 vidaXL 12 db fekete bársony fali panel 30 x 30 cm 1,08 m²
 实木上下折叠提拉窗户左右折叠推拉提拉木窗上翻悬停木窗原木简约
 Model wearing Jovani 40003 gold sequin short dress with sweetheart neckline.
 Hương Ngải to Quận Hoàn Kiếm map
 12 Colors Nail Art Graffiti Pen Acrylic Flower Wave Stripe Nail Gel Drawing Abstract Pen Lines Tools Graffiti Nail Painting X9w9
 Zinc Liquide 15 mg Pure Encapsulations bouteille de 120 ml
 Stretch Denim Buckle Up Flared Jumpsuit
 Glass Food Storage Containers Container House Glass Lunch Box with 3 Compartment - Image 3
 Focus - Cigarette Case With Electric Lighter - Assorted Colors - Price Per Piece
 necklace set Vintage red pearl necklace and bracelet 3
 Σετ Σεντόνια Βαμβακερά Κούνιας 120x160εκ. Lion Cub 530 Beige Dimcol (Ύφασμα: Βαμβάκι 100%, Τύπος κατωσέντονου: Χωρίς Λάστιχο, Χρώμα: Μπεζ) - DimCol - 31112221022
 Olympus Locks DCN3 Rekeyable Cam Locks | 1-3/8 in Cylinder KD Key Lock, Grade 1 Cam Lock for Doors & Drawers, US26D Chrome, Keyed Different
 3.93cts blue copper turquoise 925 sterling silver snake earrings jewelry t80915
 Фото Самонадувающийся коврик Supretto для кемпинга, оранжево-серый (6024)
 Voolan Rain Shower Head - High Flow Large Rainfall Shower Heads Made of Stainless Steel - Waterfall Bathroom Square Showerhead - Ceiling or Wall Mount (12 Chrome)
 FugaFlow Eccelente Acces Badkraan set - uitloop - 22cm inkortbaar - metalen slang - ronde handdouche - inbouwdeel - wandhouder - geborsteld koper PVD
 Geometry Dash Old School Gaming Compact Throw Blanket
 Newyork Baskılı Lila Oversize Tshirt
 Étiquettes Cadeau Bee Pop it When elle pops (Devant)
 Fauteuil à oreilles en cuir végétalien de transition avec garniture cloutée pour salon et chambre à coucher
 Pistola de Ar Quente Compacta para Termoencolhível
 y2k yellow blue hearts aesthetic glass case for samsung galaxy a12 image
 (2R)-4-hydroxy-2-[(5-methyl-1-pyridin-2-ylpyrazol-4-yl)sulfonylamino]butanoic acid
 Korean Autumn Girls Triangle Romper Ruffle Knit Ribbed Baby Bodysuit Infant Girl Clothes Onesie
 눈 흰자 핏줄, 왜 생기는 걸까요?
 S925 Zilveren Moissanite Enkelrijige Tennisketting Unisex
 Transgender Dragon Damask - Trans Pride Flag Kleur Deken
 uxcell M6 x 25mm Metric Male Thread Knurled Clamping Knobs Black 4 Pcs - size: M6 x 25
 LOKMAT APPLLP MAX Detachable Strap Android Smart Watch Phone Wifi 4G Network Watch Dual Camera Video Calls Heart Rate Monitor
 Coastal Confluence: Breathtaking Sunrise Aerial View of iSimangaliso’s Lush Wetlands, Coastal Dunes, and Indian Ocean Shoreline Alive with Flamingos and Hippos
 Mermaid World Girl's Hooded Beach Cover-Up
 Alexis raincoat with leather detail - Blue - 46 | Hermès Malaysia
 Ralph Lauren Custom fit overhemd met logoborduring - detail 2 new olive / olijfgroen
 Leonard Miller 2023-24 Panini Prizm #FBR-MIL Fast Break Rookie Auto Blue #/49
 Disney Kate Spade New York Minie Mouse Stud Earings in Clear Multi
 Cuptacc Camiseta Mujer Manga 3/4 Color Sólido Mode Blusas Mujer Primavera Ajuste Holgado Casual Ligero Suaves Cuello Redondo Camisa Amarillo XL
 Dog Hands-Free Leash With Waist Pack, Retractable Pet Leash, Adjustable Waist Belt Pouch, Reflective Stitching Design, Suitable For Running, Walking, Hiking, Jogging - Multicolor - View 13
◆ ◆ ◆ ◆ ◆
EXERCISE:
State the number of lines in the records that contain the string "Girl", and nothing more.

SOLUTION FOR THIS EXERCISE:
2